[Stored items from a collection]
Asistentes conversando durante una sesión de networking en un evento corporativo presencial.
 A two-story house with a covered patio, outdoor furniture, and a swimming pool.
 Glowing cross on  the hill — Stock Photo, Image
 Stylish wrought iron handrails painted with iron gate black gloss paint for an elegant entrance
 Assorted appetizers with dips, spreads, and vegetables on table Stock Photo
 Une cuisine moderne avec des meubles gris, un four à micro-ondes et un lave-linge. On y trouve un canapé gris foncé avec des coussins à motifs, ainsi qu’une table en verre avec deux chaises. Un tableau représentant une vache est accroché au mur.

• _TASK INSTRUCTIONS_
Filter the records for the string "table" and copy every line that holds it.

• _YOUR SOLUTION_
 Assorted appetizers with dips, spreads, and vegetables on table Stock Photo
 Une cuisine moderne avec des meubles gris, un four à micro-ondes et un lave-linge. On y trouve un canapé gris foncé avec des coussins à motifs, ainsi qu’une table en verre avec deux chaises. Un tableau représentant une vache est accroché au mur.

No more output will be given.